I need to define a ClassLoader that dynamically reloads certain classes from their respective classfiles. The reason for this is that the classes are changed since runtime started.
Currently I have a classloader than can load one class from its file. What I need further is load all classes that this one classes depends on and that are in the list of changed classes.
Simply explained, I have a ClassLoader
class that overrides the loadClass
method to load the changed classfile when the required class is in the list. Otherwise, it loads the class using the default (parent) classloader.
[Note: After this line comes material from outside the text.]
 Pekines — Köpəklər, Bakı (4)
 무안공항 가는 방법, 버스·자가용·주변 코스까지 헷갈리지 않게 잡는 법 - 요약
Is it possible to also (re)load the classes that are in the class definition from the primarily loaded class using the same classloader?
So, a simple example
Class A {
static method() {
B b = new B();
C c = new C();
// do something with B and C
}
}
Class B {
public X x = new X();
}
When I load class A
with MyCustomClassLoader
, I hand it a list of classes, containing A
and C
f.e. because I know the classfiles (the bin/A.class
) of these classes have been changed. So, it should manually load the file from class A
, and when loading B
and C
, it should check if they are in the list of changed classes. When they are not, they can be loaded using the default classloader, otherwise it will do the same as with A
, recursively (so also checking classes that B
depends on).
I have the loading from file working, but not the recursion. I also know that this method does not override the Java new
operator globally. But I only need to run one changed class, but with it's dependencies also changed.
EDIT:
Note that this is not achievable using Instrumentation. The documentation for it cites the following, both for retransformClasses()
as for redefineClasses()
.
The retransformation may change method bodies, the constant pool and attributes. The retransformation must not add, remove or rename fields or methods, change the signatures of methods, or change inheritance. These restrictions maybe be lifted in future versions.
So I made a working agent to change method bodies, but only when I noticed it crashed on method creation or deletion, I found this piece of text.